## Exercise material
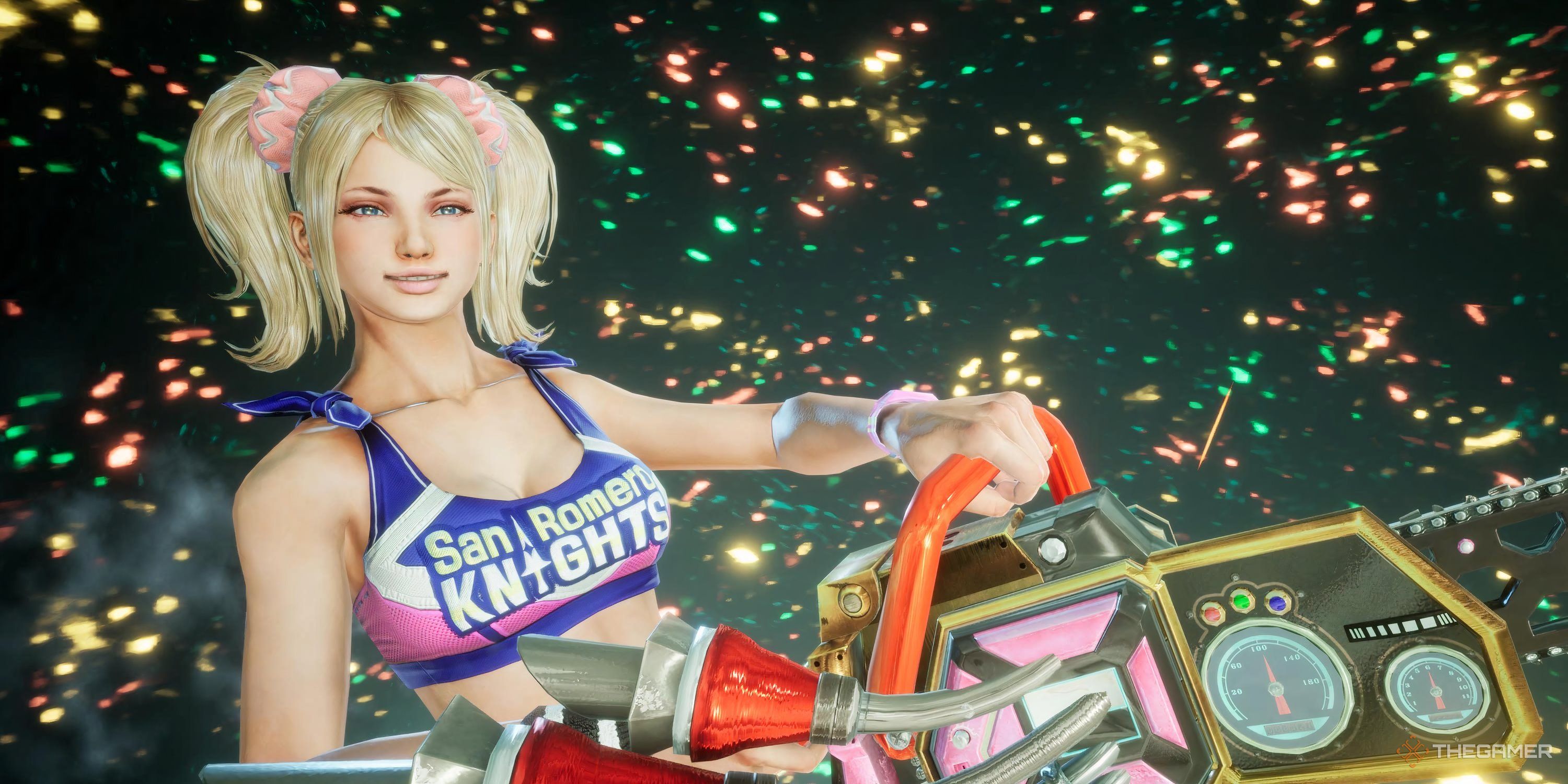 Lollipop Chainsaw RePop: 8 Beginner Tips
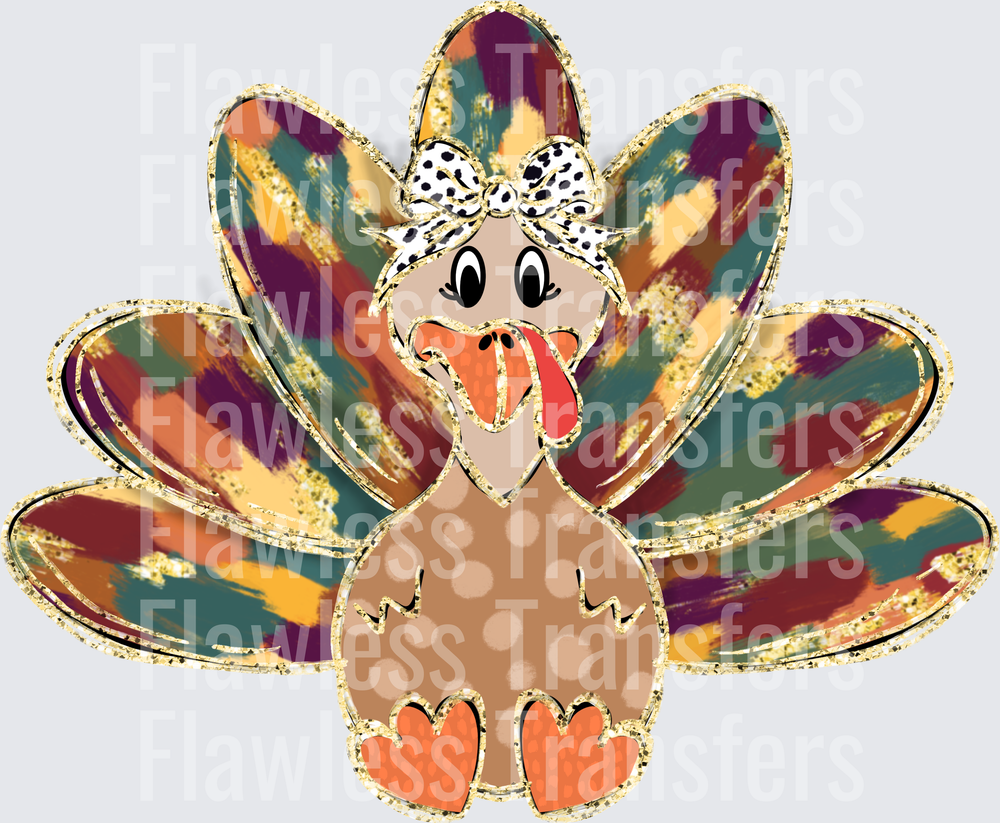 Girl Turkey #0097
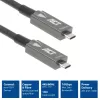 ACT USB-C 3.2 Gen2 Active Optical kabelis (AOC) jungiamasis laidas, 3m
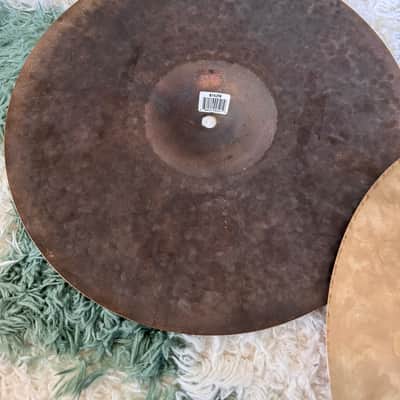 Meinl 14" Byzance Jazz Hi-Hat Thin (pair) NEW image 7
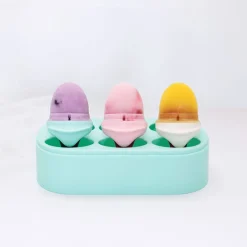 Feeding Sets|Baby Food Feeders-Boon Inc. Pulp Popsicle + Freezer Tray Pack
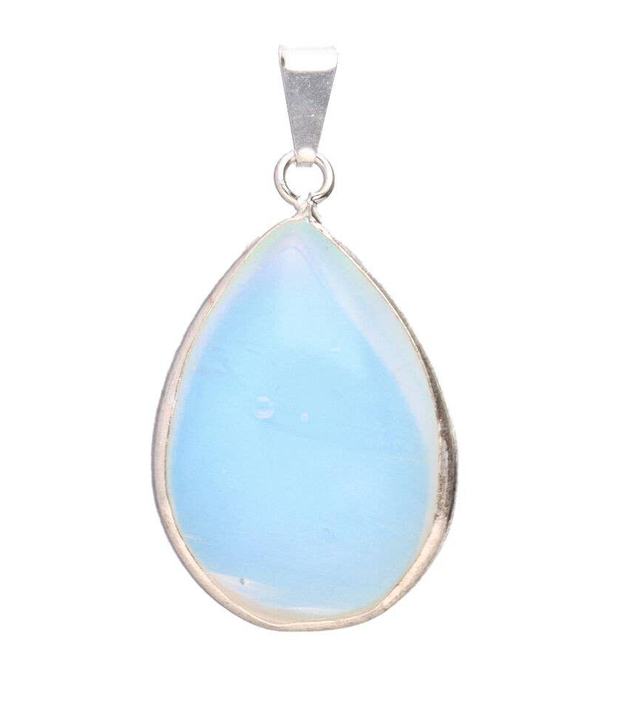 Colgante Gota de Opalina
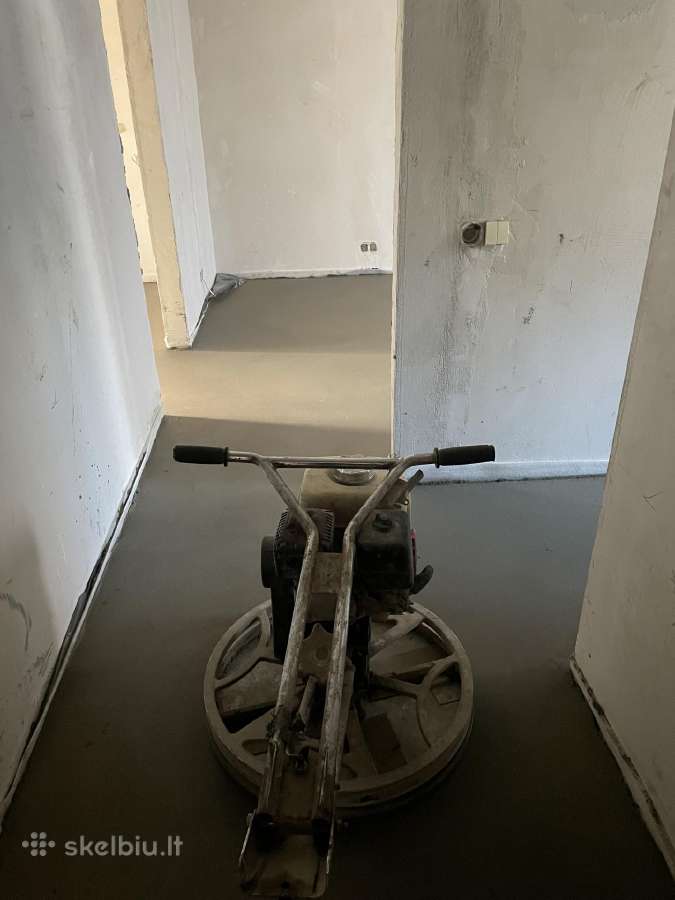 Grindų betonavimas ir paruošimo paslaugos. - nuotraukos Nr. 20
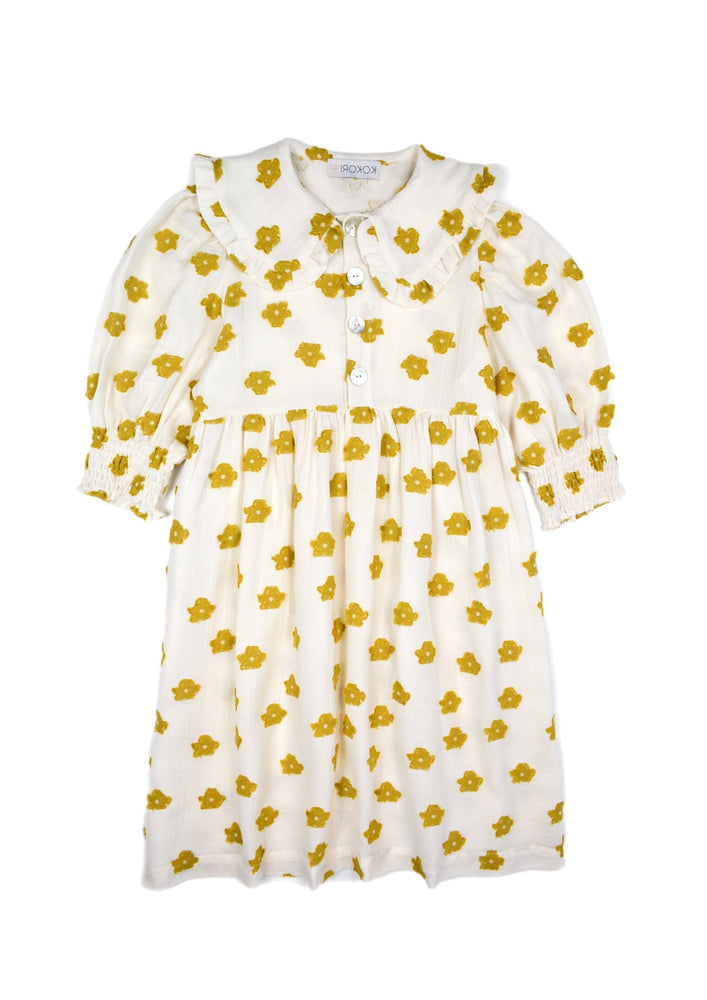 NOOR DRESS - KOKORI Kids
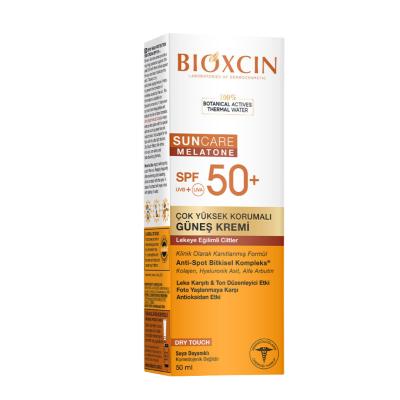 Bioxcin SPF 50+ Sunscreen for Sensitive Skin - Anti-Spot, Hyaluronic Acid, Water-Resistant, 5.07 fl oz - Glamourous Grace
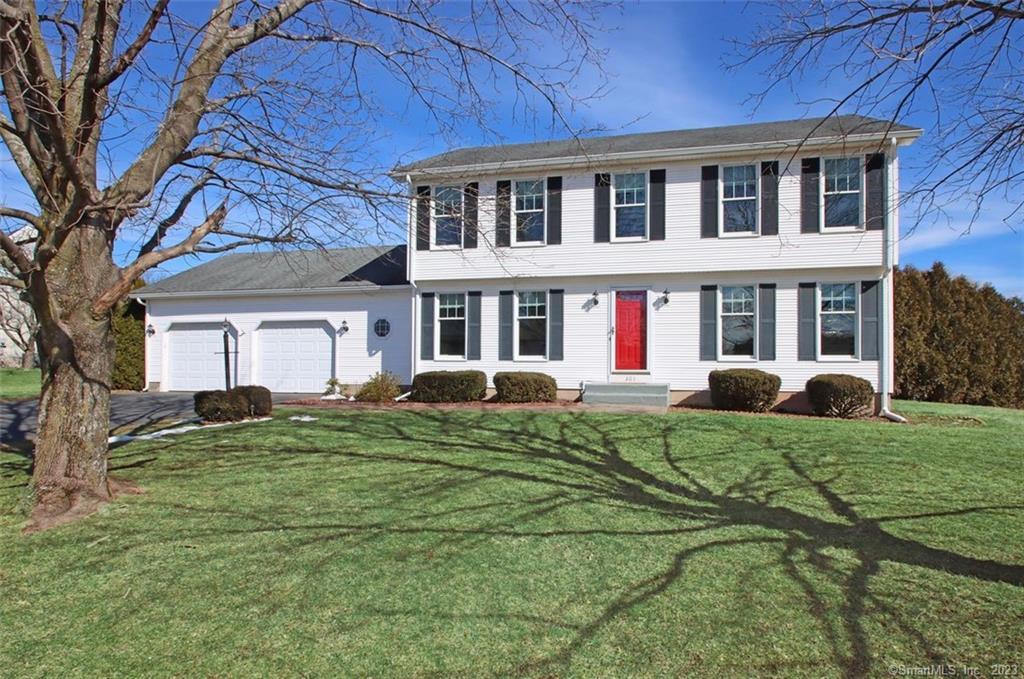 Property Photo: 101 Quail Run Road CT 06078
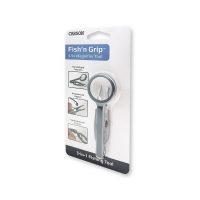 Zvětšovací sklo Carson Fish’n Grip™ 4.5x Magnifier with Attached Precision Tweezers, Hook Cleaner & Line Cutter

## Exercise brief
Precisely the lines from the one containing "Bioxcin SPF 50+" to the end of the data above, both included, should be printed; leave the pictures out.

## Exercise answer
 Bioxcin SPF 50+ Sunscreen for Sensitive Skin - Anti-Spot, Hyaluronic Acid, Water-Resistant, 5.07 fl oz - Glamourous Grace
 Property Photo: 101 Quail Run Road CT 06078
 Zvětšovací sklo Carson Fish’n Grip™ 4.5x Magnifier with Attached Precision Tweezers, Hook Cleaner & Line Cutter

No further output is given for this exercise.